It has been amply debated in media that the matrimonial laws governing the Hindus, the Muslims, the Christians and the Parsis are at great variance from and discriminatory to one another. It is said that, if implemented, the UCC (Uniform Civil Code) would bring uniformity in matrimonial laws across all religious communities. Presently, different religious groups are governed by their respective personal laws, some codified & some non codified, resulting in varying rights and responsibilities concerning marriage & divorce.
This article attempts to bring some of those provisions to bring home the point how religious laws differ in terms of matrimonial obligations and divorce:
- The Muslims are polygamous, but the Hindus, the Christians and the Parsis are monogamous in India.
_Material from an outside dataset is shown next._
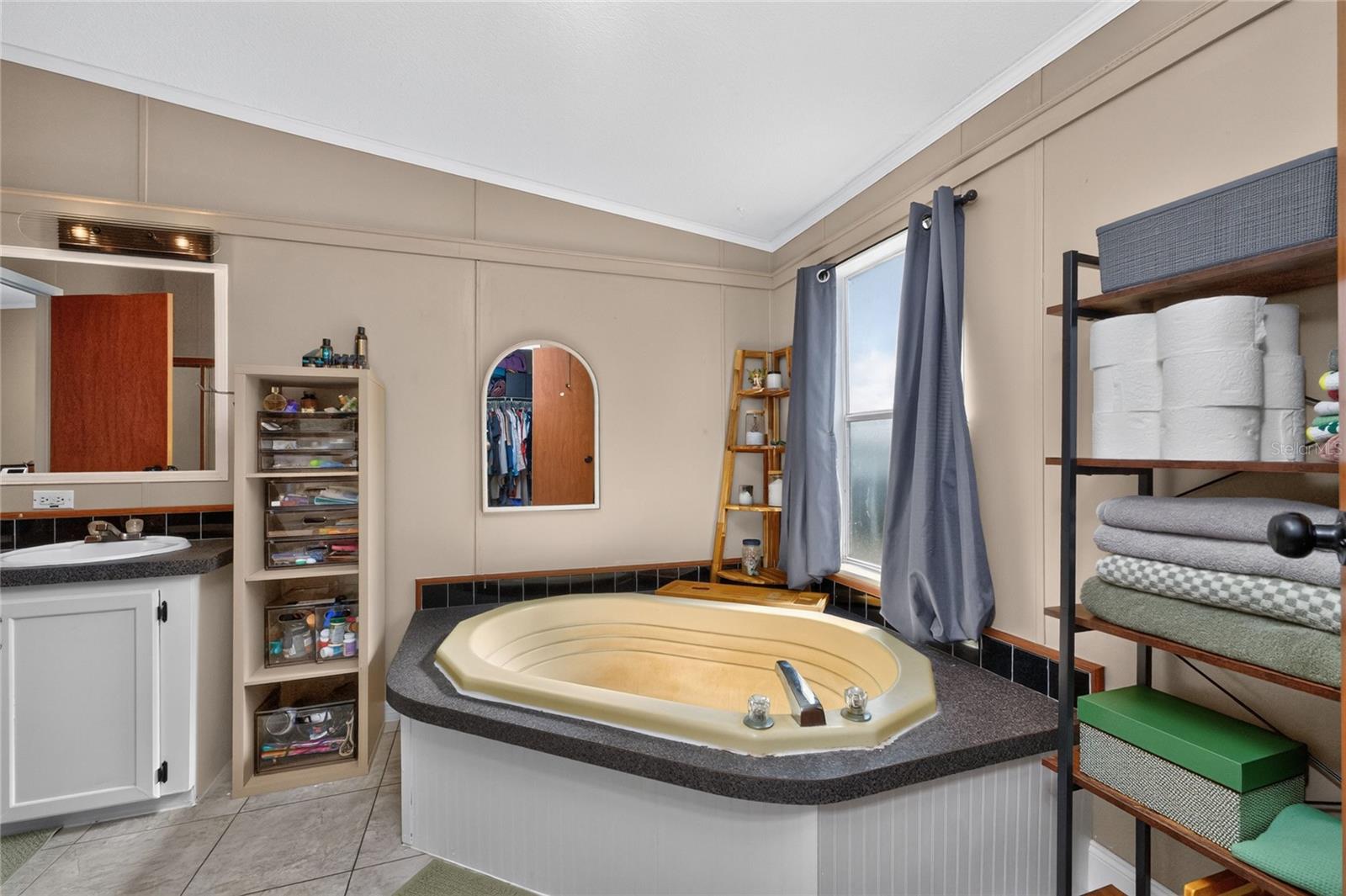 COUNTRY SHORES SEC 01 - Residential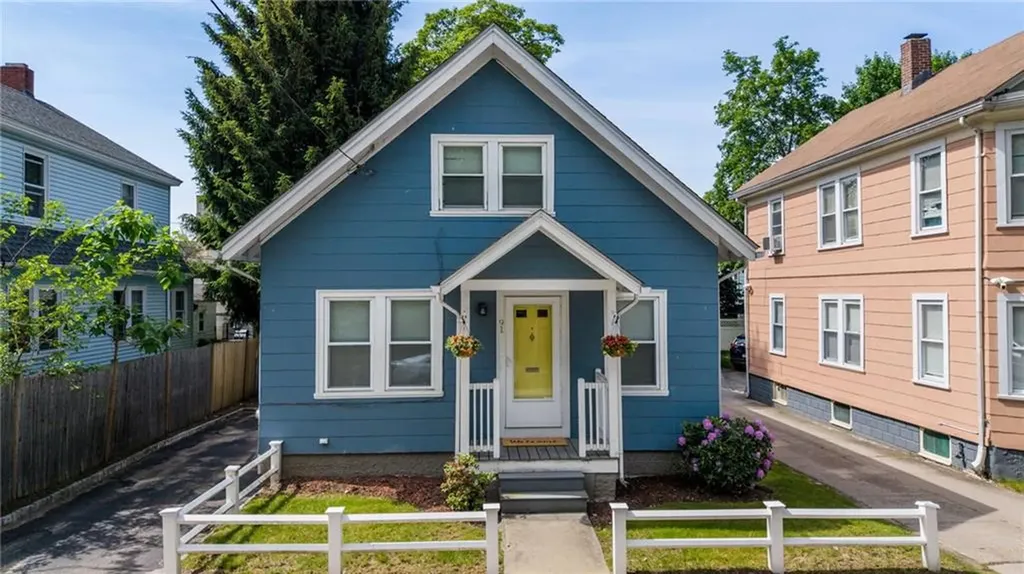 91 Garfield Avenue Providence RI 02908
- In India the Muslims are allowed extra-judicial divorce, but the Hindus, the Christians and the Parsis can effect divorce only through Court and only on certain grounds.
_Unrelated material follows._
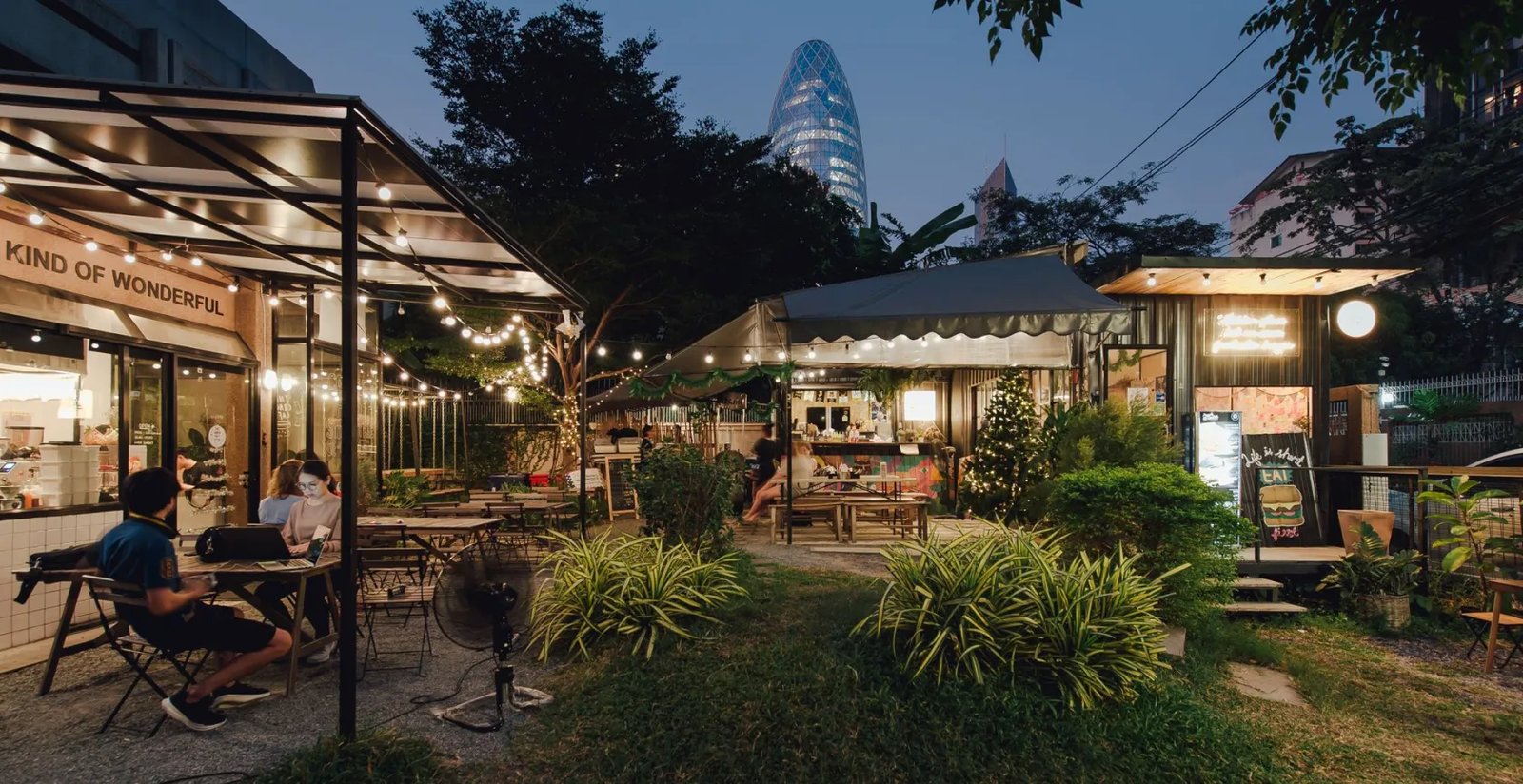 The Yard Hostel Bangkok — eat & drink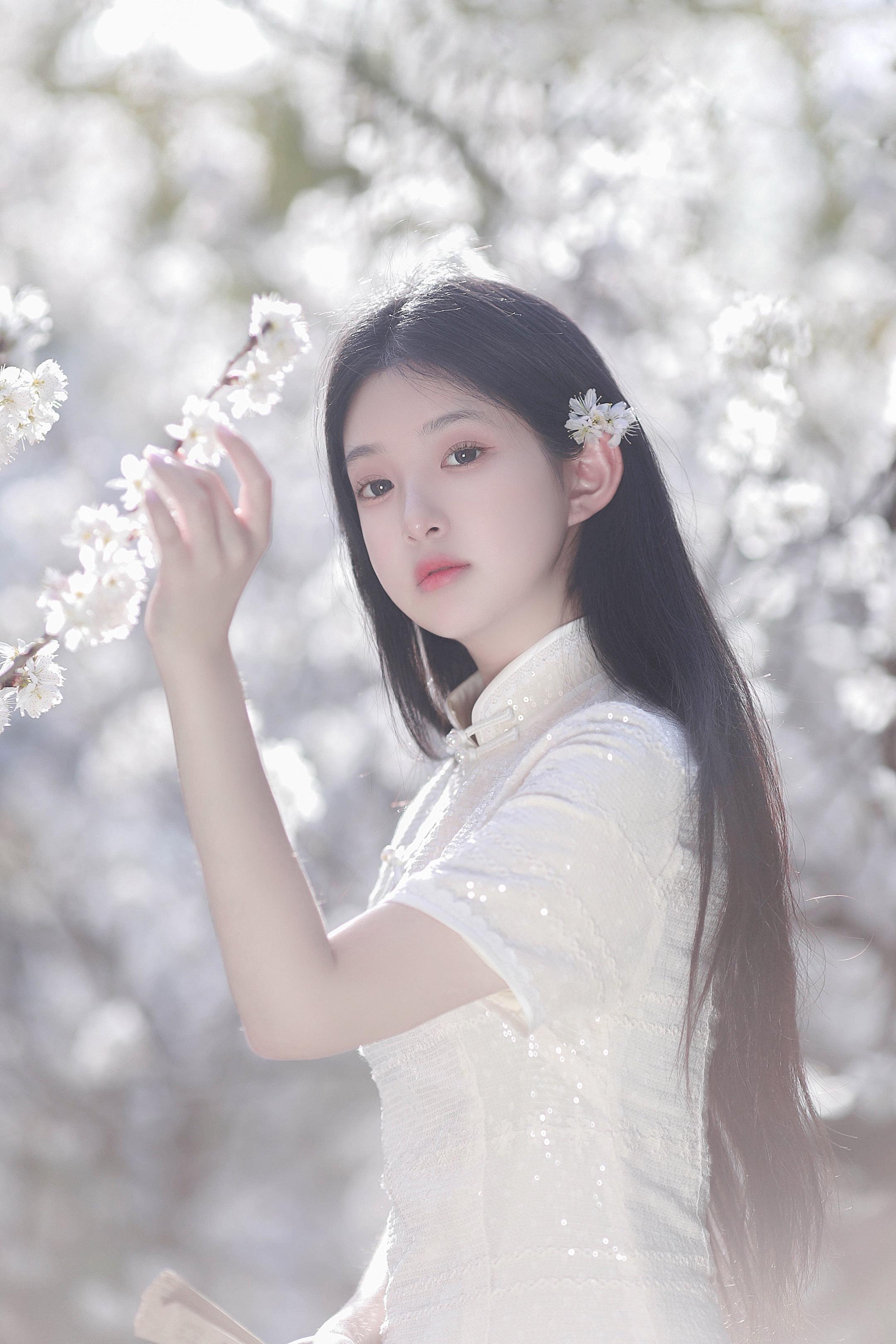 感我此言良久立 却坐促弦弦转急。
- A wife married under the Muslim Law can be divorced by the husband at any time an unspecified grounds; but parties married under the Hindu, the Christian or the Parsi Law can be divorced only on certain grounds specified in those laws and, that too, only through Court.
- Under the Muslim Law, a Muslim husband’s apostasy from Islam results in automatic dissolution of a Muslim marriage, though a wife’s apostasy does not. Under the Hindu Law, apostasy from Hinduism by either of the spouses does not, by itself, affect a Hindu marriage, though it confers on the non- apostate spouse a right to sue the apostate for divorce. Under the Parsi Law also, if any spouse ceases to be Zoroastrian, the other spouse would be entitled to sue for dissolution of marriage but such renunciation of religion would not, by itself, affect the continuity of the Parsi marriage. Similarly after the 2001 Amendment to the Divorce Act 1869, a change of religion by one or the other spouse has no effect on a Christian marriage but the non-convert spouse would be entitled to sue for divorce.
- Under the Hindu Marriage Act and also the Parsi Marriage and Divorce Act, both the wife and the husband are entitled to alimony pendente lite and permanent alimony from the other and no limit is fixed therefor. Under the Divorce Act and Special Marriage Act however, only the wife is so entitled.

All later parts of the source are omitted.